Perhaps that’s the very intent. After all, in a recent Le Figaro interview, De Palma described “Hollywood values as corrupt.” Currently on a promotional tour in France to publicize his first-ever retrospective at the venerable La Cinémathèque and the release of “Are Snakes Necessary?” a political thriller novel he wrote with journalist Susan Lehman, the already-admired filmmaker has been the toast of the French press of late.

READ MORE: Brian De Palma’s Harvey Weinstein Sex Scandal Horror Movie Will Be Set At TIFF & May Shoot Next

Press abroad is notoriously seductive. International press sucks up to you in a way American journalists don’t (not always anyhow) and their subjects always fall prey to a false sense of security; as if being abroad, you can finally let loose and talk shit because the American press isn’t around. Not how the internet works obviously, but perhaps old habits die hard for filmmakers approaching their eighties.

So, in an in-depth interview with Le Point, to plug his aforementioned retro and book, De Palma went off, sprinkling a little bit of diss dust on several subjects for no apparent reason. First, he began with “Magic Mike” filmmaker Steven Soderbergh.

“Steven Soderbergh, a gifted visual director?,” De Palma asked rhetorically. “Are you kidding? Give me an example of a great, visually memorable scene in a Soderbergh movie … I saw an episode of his series ‘The Knick’ and there was nothing that really blew me away visually.”

De Palma then went in to tear in on the Hollywood system and granted, he’s not wrong here. “My movies deal with adult themes,” he said, presumably with teacup pinky in the air. “And apart from a few directors that have creative freedom in their movies like Nolan, Steven (Spielberg) or Martin (Scorsese), the money still goes mainly to sequels, reboots, and comic book movies. Steven is a studio all by himself, he can finance his films himself and Martin works with very powerful actors. Anyway, even in the ‘70s and ‘80s I always felt at odds with the Hollywood system. What’s happening right now in Hollywood is a total contradiction to what art is supposed to be about. Executives now control filmmakers and call the shots. Even if ‘Mission to Mars’ wasn’t a flop, I probably would have left the system like I have done.”

De Palma found a way to slag the current television studio system, those that make TV, the current creative TV renaissance as well as revealing that he had developed “Paterno” before the recent Barry Levinson and Al Pacino version that hit the cable channel.

“I had developed a script for ‘Paterno‘ with producer Edward Pressman but, I found HBO to be extremely intrusive in the creative process,” he said candidly. “We never stopped receiving notes from them, I did not like their attitude. Just before starting the shoot, I received a new pile of notes, there were too many and I left the project. Anyway, TV is the medium for the screenwriter.
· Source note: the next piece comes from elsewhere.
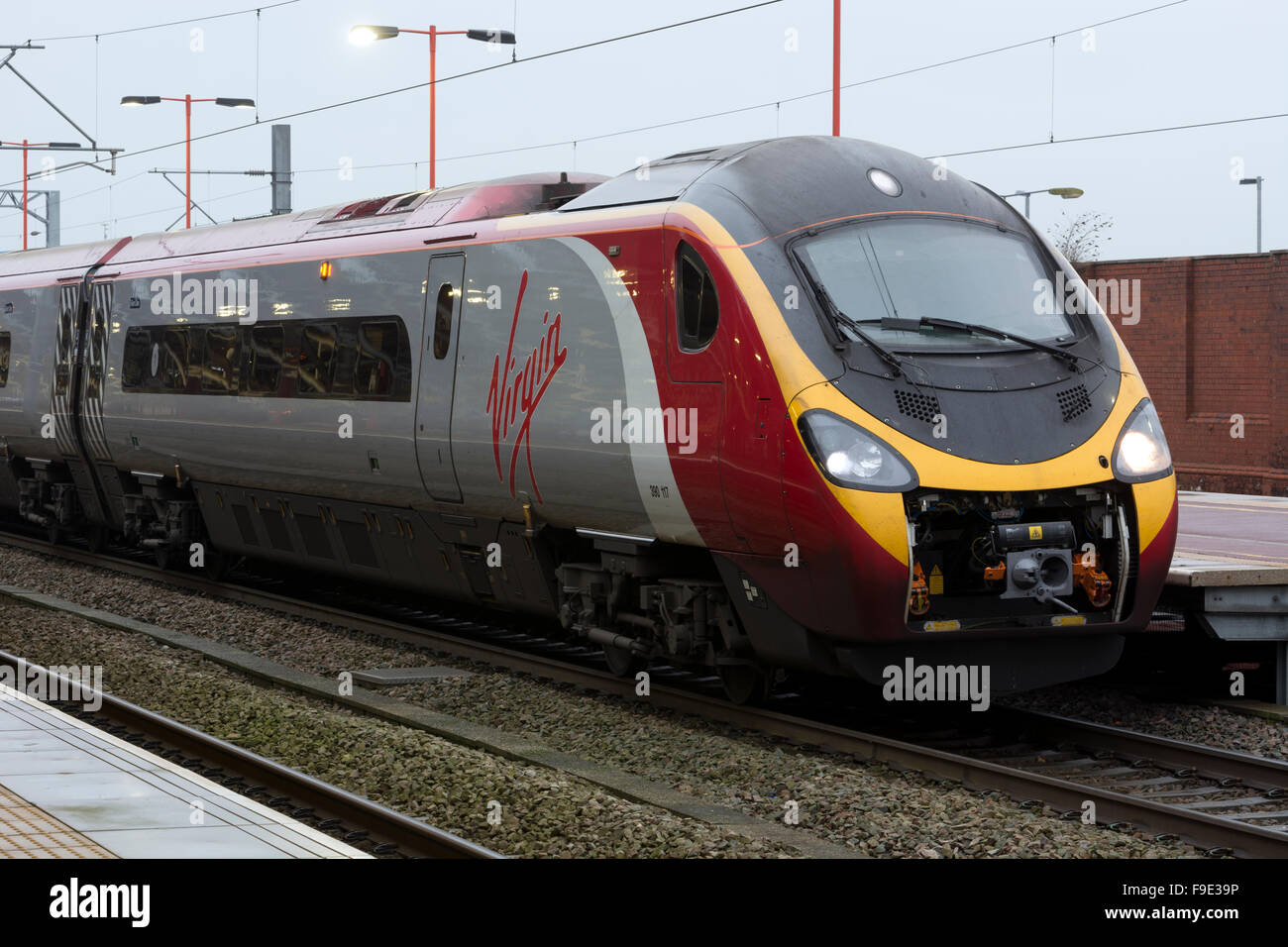 Jungfrau Pendolino-Zug im Bahnhof Rugby, Warwickshire, UK Stockfoto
TV is basically the filming people who talk to each other. Conversations take precedence over aesthetics, it has nothing to do with a type of visual narration, which is the basis of cinema.”

Lastly De Palma’s next movie, the murder mystery “Domino” with “Game Of Thrones” stars Nikolaj Coster-Waldau, Carice van Houten, and Guy Pearce, sounds like it’s in trouble with the director bordering on disavowing it. De Palma described “Domino” as a “horrible experience.”

“‘Domino’ is not my project, I did not write the script,” he said. “It is the revenge story of a revenge of a cop duo against terrorists who killed another. But the whole political aspect will be very little exploited, the film was more for me a new opportunity to explore a visual narrative. In the film, terrorists are obsessed with the idea that their actions are instantly visible live on the Internet or on TV.”

“I had a lot of problems in financing [‘Domino’],” he continued. “I never experienced such a horrible movie set. A large part of our team has not even been paid yet by the Danish producers. The film is finished and ready to go out, but I have no idea what its future will hold, it is currently in the hands of the producers. This was my first experience in Denmark and most likely my last.”